The system shown is capable of transforming to the programmed supply voltage for the load and charges the backup energy storage device. Should an the supply voltage be interrupted, the integrated boost converter in the system maintains the output voltage on the load without any interruption until the secondary energy source is exhausted. Moreover, if the capacitor voltage of about 1 V is below minimum, a load switch on the output side turns off the load, thus avoiding complete discharging and constant linear operation of the connected regulators.
LTC3355 performs all functions needed within an intelligent power management system for a server or an IPC. It monitors voltages VIN, VOUT, and VCAP. It also keeps in check the the load performance status of the energy source (CPGOOD), the automatic switchover of the supply to the backup energy storage device (PFOB), and as well as the load regulation of the system.

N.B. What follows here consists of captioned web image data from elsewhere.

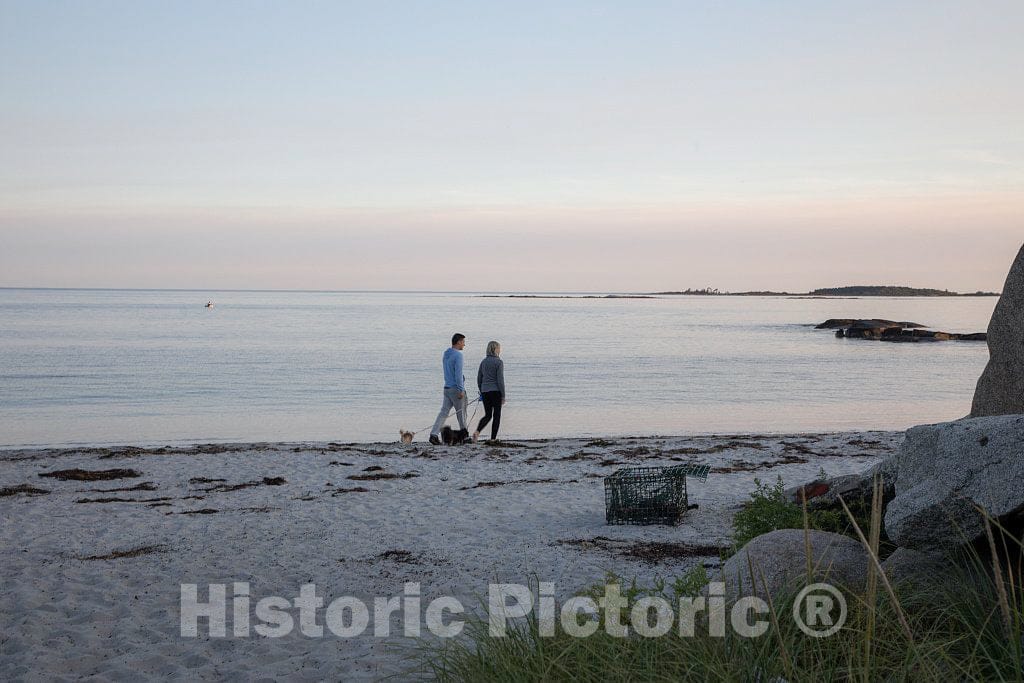 Photo - A Couple strolls Goose Creek Beach in Kennebunkport, Maine- Fine Art Photo Reporduction
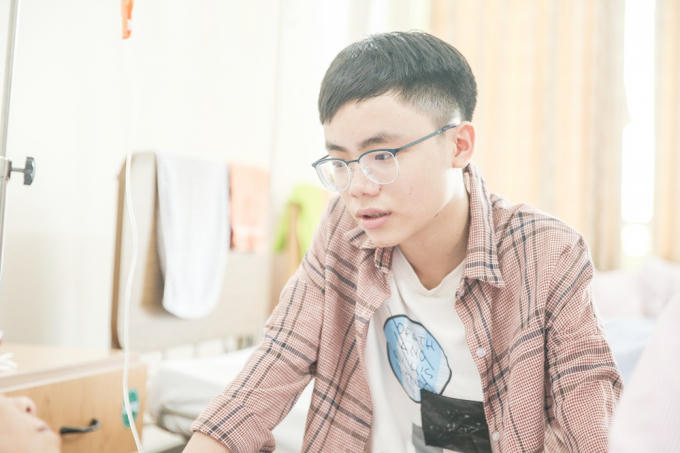 Cảm động trước khoảnh khắc mẹ bé Minh Nhật The Voice Kids bật khóc khi thấy con trai vào viện thăm mẹ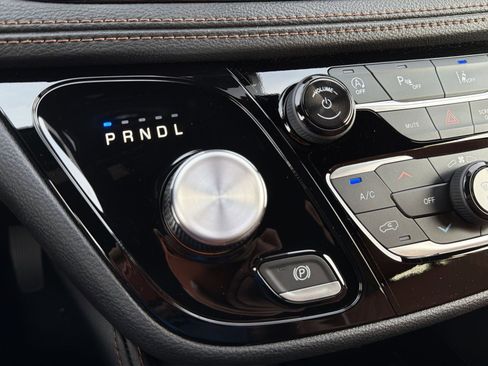 New 2026 Chrysler Pacifica Pinnacle FWD image 22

Evaluation design kit (MAL219699001E3).
ENYCAP 196 HVC series capacitors are specified for normal storage conditions of –40° to +85°C. However, after one year of storage, the parts should be powered and charged. Self-discharge is low. The permanent charge voltage of a fully charged capacitor must be limited to ≤20 µA; otherwise, the product will age early. If higher current flows, it must be ensured that the ENYCAP 196 HVC is removed from the circuit. Complete self-discharge must also be avoided. Most of the energy can be removed from the single cell between 1 V and 1.4 V. Cell voltages under 1 V result in deep discharge. As a result, low discharge currents can already have negative influence on the product’s properties.
When selecting the other components, great care was made to ensure low dc-circuit loss, low temperature factor, and high efficiency inductances to make the available energy as fully usable as possible. Also, input protection circuitry with TVS diodes was implemented to avoid overvoltage events of the complete circuit.